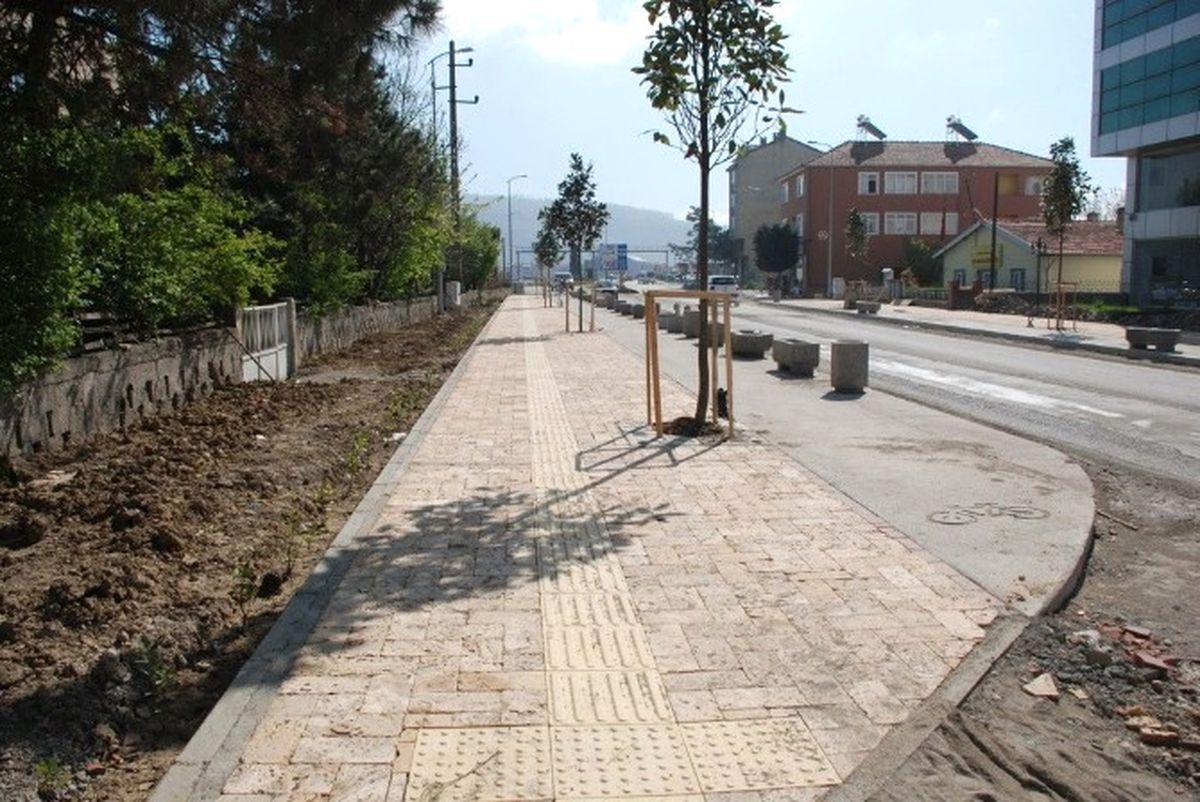 Çaycuma\'da Bulvarlar Yenileniyor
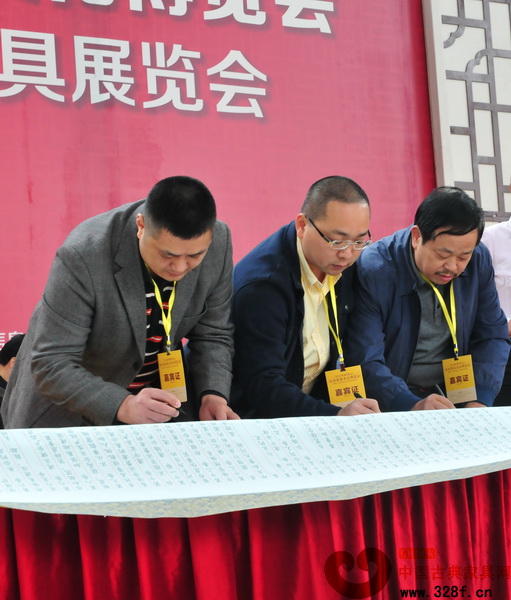 志成紅木總經理李正倫(左一)簽署《中山市紅木家具行業誠信公約》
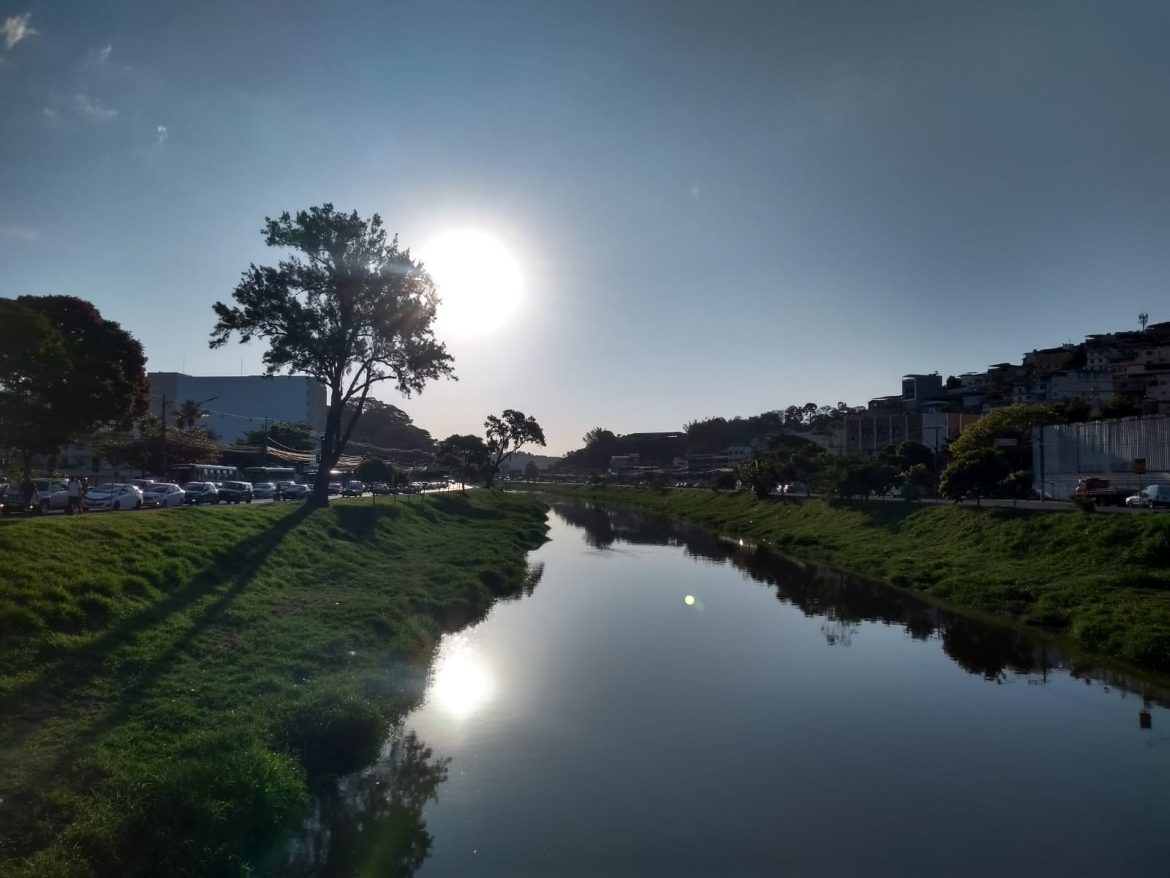 juiz-de-fora-quebra-recorde-de-temperatura-pelo-2o-dia-seguido;-termometros-podem-se-aproximar-dos-40-oc-nesta-terca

Work order >> What you give back must be exactly the lines of the listing above from the line containing "志成紅木總經理李正倫(左一)簽署《中山市紅木家具行業誠信公約》" through its last line, inclusive, without pictures, please.

Reply >>
 志成紅木總經理李正倫(左一)簽署《中山市紅木家具行業誠信公約》
 juiz-de-fora-quebra-recorde-de-temperatura-pelo-2o-dia-seguido;-termometros-podem-se-aproximar-dos-40-oc-nesta-terca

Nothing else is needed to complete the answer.